# Problem to solve
Report all lines below with the word "Black".

# Entries shown

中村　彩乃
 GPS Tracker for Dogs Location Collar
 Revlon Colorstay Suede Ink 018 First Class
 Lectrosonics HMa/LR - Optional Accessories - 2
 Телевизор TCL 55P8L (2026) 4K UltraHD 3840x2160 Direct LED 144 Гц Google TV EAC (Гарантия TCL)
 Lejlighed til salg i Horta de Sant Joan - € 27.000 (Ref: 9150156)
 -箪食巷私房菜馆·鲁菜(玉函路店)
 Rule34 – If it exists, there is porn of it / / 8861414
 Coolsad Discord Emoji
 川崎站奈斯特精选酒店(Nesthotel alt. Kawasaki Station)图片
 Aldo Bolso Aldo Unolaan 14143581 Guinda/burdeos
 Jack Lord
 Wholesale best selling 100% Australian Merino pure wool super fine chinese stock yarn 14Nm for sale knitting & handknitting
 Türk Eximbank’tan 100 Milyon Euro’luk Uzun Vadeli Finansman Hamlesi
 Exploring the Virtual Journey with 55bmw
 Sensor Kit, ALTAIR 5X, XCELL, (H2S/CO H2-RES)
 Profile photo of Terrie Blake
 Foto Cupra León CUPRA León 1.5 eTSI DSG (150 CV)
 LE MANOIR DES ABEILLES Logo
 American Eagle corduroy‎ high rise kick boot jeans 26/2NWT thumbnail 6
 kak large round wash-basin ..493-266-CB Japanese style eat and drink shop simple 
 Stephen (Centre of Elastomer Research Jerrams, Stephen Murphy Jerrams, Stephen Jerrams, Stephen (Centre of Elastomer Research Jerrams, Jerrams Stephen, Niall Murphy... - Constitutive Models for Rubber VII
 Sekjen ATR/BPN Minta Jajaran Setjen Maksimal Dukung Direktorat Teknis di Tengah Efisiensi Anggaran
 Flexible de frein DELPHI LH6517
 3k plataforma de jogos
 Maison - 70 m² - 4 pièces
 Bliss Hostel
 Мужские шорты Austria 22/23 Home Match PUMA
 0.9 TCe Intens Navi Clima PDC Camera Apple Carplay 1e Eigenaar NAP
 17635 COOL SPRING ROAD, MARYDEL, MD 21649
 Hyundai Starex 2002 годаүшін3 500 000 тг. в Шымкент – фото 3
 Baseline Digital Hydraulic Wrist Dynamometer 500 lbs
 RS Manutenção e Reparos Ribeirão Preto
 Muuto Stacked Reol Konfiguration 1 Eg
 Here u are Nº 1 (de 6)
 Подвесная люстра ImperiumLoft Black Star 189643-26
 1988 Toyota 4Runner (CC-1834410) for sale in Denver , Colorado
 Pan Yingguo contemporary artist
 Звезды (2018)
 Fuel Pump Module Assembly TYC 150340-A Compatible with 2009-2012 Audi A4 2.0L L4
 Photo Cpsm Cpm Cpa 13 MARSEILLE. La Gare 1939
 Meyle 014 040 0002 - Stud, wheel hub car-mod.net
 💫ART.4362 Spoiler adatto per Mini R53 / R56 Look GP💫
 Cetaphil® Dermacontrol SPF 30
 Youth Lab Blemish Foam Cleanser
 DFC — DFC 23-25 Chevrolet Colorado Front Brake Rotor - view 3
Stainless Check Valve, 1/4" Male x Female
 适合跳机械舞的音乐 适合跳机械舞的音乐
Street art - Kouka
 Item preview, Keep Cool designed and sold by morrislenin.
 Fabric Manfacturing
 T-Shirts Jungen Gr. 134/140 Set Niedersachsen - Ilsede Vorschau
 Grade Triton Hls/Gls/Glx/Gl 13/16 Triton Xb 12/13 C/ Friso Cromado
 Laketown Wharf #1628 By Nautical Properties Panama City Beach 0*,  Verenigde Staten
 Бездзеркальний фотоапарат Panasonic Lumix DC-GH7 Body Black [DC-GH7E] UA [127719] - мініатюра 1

# Solution
 Подвесная люстра ImperiumLoft Black Star 189643-26
 Бездзеркальний фотоапарат Panasonic Lumix DC-GH7 Body Black [DC-GH7E] UA [127719] - мініатюра 1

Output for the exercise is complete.